Search code examples
greenplumhawq

How to get total row count and max(timestamp) column in select list for all table in particular schema


We have Postgres based Read Only database. in that,we have 52 tables under one schema.

We are trying to output row count and max(timestamp) column for all tables under one schema.

Environment is :

PostgreSQL 8.2.15 (Greenplum Database 4.2.0 build 1) (HAWQ 1.3.0.2 build 14421) on x86_64-unknown-linux-gnu, compiled by GCC gcc (GCC) 4.4.2 compiled

We tried on :

SELECT 
  nspname AS schemaname,relname,reltuples,max(time)
FROM pg_class C
LEFT JOIN pg_namespace N ON (N.oid = C.relnamespace)
WHERE 
  nspname NOT IN ('pg_catalog', 'information_schema') AND
  relkind='r' 
ORDER BY reltuples DESC;

In this query, we got the row count column but still max(timestamp) for all table is not achieved.

Any help on it would be much appreciated ?


Solution

  • What you are accessing with this query is database statistics, which is not 100% accurate and might be missing or outdated depending on your statistics collection processes.

    To get the row count for a list of tables, you have to scan each of these tables.
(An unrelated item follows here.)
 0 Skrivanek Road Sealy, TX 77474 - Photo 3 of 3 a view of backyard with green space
However you can use pg_relation_size() to get an idea of the table size in bytes, and this function does not require you scanning the table.

    If your table list is static, you can get away with a query like this:

    select 'table1', count(*), max(time) from table1
    union all
    select 'table2', count(*), max(time) from table2
    union all
    ...
    select 'table52', count(*), max(time) from table52;
    

    This solution is not flexible as if table list has changed, you need to rewrite your query.
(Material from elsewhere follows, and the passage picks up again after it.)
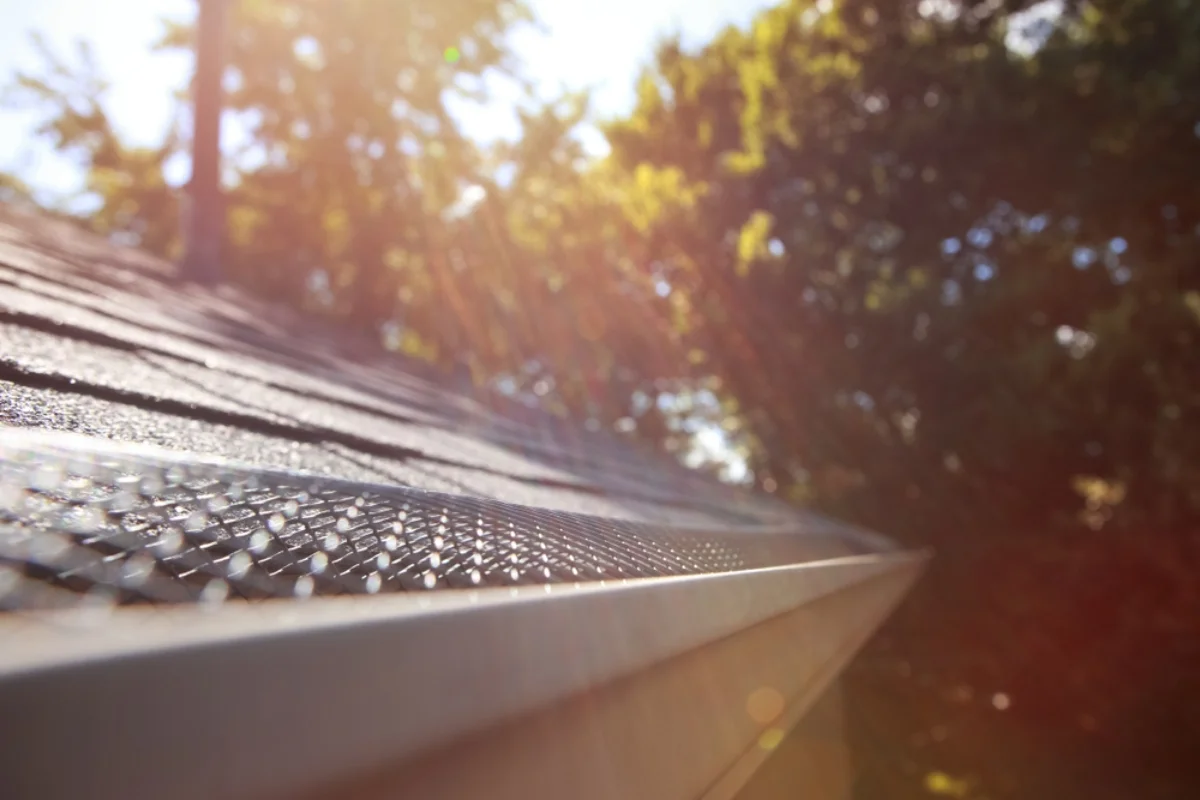 Gutter-Guard-filter.webp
    Second option is to generate this query and manually execute it:

    select string_agg(query, ' union all ') as query
        from (
            select 'select ''' || n.nspname || '.' || c.relname || ''', count(*), max(time) from ' || n.nspname || '.' || c.relname as query
                from pg_namespace as n, pg_class as c
                where n.oid = c.relnamespace
                    and n.nspname = 'my_schema'
            ) as q;
    

    This is more flexible, however the second query should be executed manually.

    And finally your last option - writing a function for doing so:

    create or replace function table_sizes (schemaname varchar) returns setof record as $BODY$
    declare
        r record;
        t varchar;
    begin
        for t in execute $$
            select n.nspname || '.' || c.relname
                from pg_namespace as n, pg_class as c
                where n.oid = c.relnamespace
                    and c.relkind = 'r'
                    and n.nspname = '$$ || schemaname || $$'$$
        loop
            execute 'select ''' || t || '''::varchar, count(*), max(time) from ' || t
                into r;
            return next r;
        end loop;
        return;
    end;
    $BODY$ language plpgsql volatile;
    
    select * from table_sizes('public') t(tablename varchar, rowcount bigint, maxtime time);